Which one to choose ? - Job vs Deployment - batch data preprocessing

adityahpatel · February 19, 2024, 9:18pm

Situation:
Say I have 1 million sentences in S3. My task is simple - extract # of words and length from each sentence.

OPTION # 1
The lecture says this (i.e. batch processing workload) can be accomplished using Job resource. But how? If each of the 10 parallel pods in a Job processes the same batch of sentences, how is that going to help speed up? Each Pod of the Job should run on a different batch of sentences and then persist the results on my host/physical machine. that way parallel processing can be attained… So how can this be done with JOB?

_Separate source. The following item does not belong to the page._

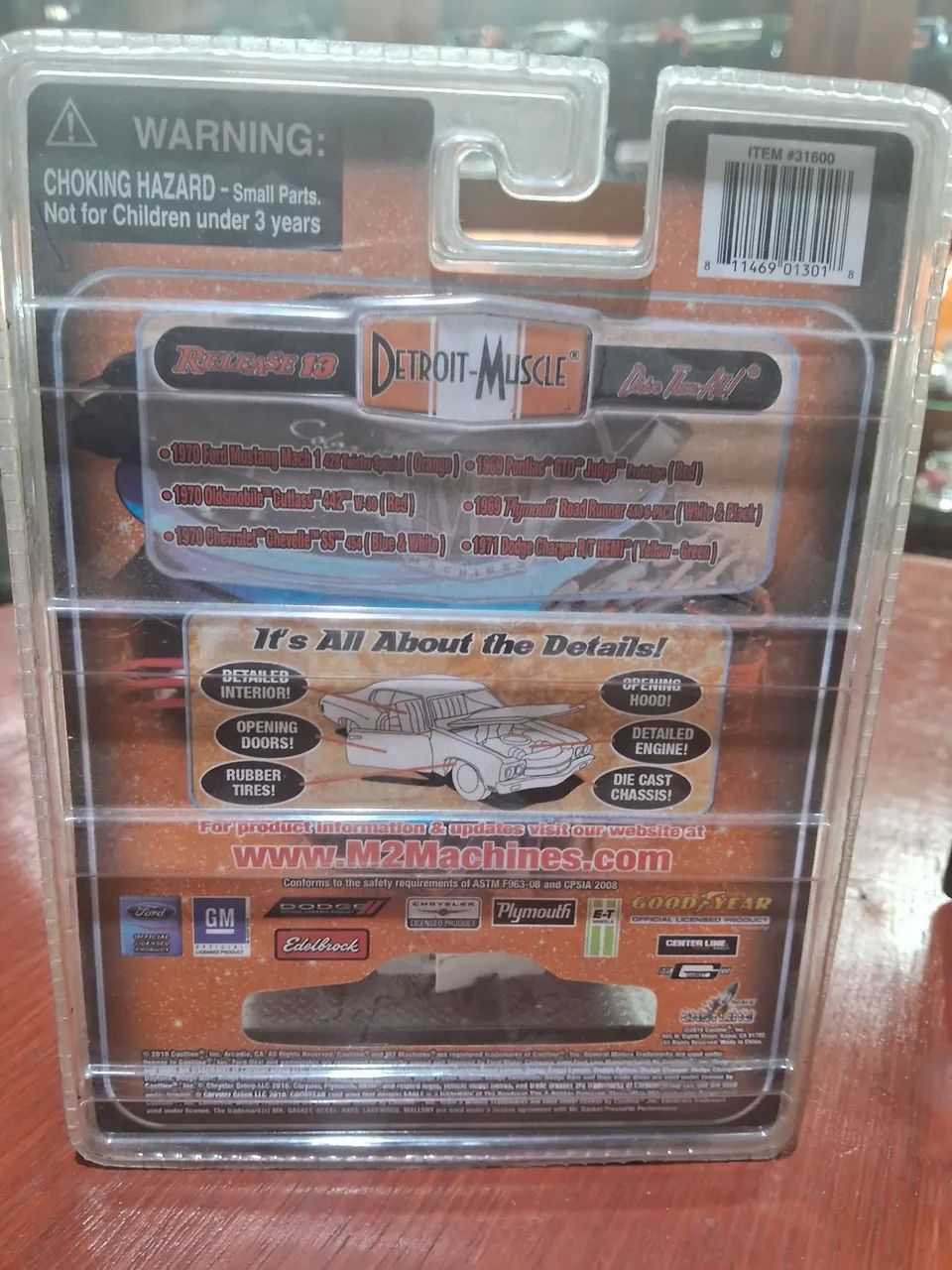 Miniaturas 1/64 modelos raros  - Foto 3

OPTION # 2: (self conceived)
Instead of setting this up as a “JOB”, would it be better to set up preprocessing as clusterip service that exposes an autoscaled deployment.e.g. http://process-service:6666? Then i make http requests such that each http POST request is 1 batch of 500 sentences to http://process-service:6666? Then the output of those pods is persisted on host.

for i in range(20000):
        response = requests.post("http://preprocess-service:6666", json=data)
           # where each json payload has 1 batch of 500 sentences, so 500 x 20K = 1 Million

Is the 2nd option a valid approach as well? Which option would you prefer? Thanks!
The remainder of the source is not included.